When Taylor County was formed in 1875, Little Black was six miles north to south same as today, but it spanned the full width of the county, including all modern towns from Taft to Deer Creek.

Demographics
As of the census of 2000, there were 1,148 people, 403 households, and 321 families residing in the town. The population density was 32.8 people per square mile (12.7/km2).  There were 414 housing units at an average density of 11.8 per square mile (4.6/km2). The racial makeup of the town was 99.04% White, 0.35% African American, 0.09% Native American, 0.09% Asian, 0.00% Pacific Islander, 0.00% from other races, and 0.44% from two or more races. 0.52% of the population were Hispanic or Latino of any race.

There were 403 households, out of which 38.7% had children under the age of 18 living with them, 65.0% were married couples living together, 7.7% had a female householder with no husband present, and 20.3% were non-families. 14.9% of all households were made up of individuals, and 5.5% had someone living alone who was 65 years of age or older. The average household size was 2.85 and the average family size was 3.16.
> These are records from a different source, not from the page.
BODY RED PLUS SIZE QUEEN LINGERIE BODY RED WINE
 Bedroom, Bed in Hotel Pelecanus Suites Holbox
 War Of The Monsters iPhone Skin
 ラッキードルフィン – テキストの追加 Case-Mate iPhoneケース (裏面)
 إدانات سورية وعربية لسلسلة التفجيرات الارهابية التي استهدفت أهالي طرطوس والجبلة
In the town, the population was spread out, with 30.4% under the age of 18, 6.0% from 18 to 24, 30.2% from 25 to 44, 22.7% from 45 to 64, and 10.6% who were 65 years of age or older. The median age was 36 years. For every 100 females, there were 111.8 males. For every 100 females age 18 and over, there were 114.2 males.

The median income for a household in the town was $45,000, and the median income for a family was $48,167. Males had a median income of $31,645 versus $23,281 for females. The per capita income for the town was $17,633. 8.1% of the population and 5.2% of families were below the poverty line. 9.1% of those under the age of 18 and 8.8% of those 65 and older were living below the poverty line.